I’ve just got that question from a good friend, and though that I would write up my answer.
The short answer is, use Azure SQL !
If you haven’t heard about Azure SQL, let me explain it. Azure SQL is “SQL as a service”, you’ll get databases deployed in any Microsoft Azure data center that works, looks and feels just like databases deployed on a good old fashion SQL Server(*). But you get the database without having to pay for or install:
- Hardware for Server, storage, backup network..
- Server maintenance
- SQL Server license
- 3rd party backup software license
- Redundancy setup
Paying for Azure SQL is also very simple, you select a performance level, measured in Database Transaction Unit (DTU) and you get the performance. If you need to double your performance for a limited time, you can just select (and pay for) a higher DTU level, and when the need is over, go back to the old level.
A Database Transaction Unit is a artificial measurement composed of CPU, Memory, input and output. If you want to double the performance of your SQL database, you simply upgrade to the double DTU level. Visit this page for more information, and if you want to get the DTU level from your own server, go here.
I start a NAV database out on level S1 (20 DTU), around $40 pr. month. Can you run SQL Server on a physical or virtual server with redundancy and real time backup for $40 pr. month?

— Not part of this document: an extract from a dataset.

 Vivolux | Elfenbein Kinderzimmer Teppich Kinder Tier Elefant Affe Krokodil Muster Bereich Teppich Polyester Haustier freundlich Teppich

SQL Server is a very expensive piece of software, and the correct hardware to run it is just as expensive.
And if you want geo replication of your database to a different data center, its just a few click away, and the cost is just another database.
When it comes to backups, Azure SQL has a “down-to-the-minute” 14 days automated backup available – So you can restore a copy of your database from almost anytime going 14 days back. It is possible to transfer backups to and from Azure using a file format called Bakpac (In SQL Management Studio it is know as a import or export a “Data-tier application” – don’t let that fool you, its just a fancy name for backup and restore).
When you have your SQL database in Azure, you have to place the NAV service tier in Azure also – and in the same data center as the database. The service tier must be deployed on a virtual machine. When dealing with modern NAV, network performance between SQL and the service tier has to be high speed. The network performance between the service tier and the client can be lower without causing problems for users.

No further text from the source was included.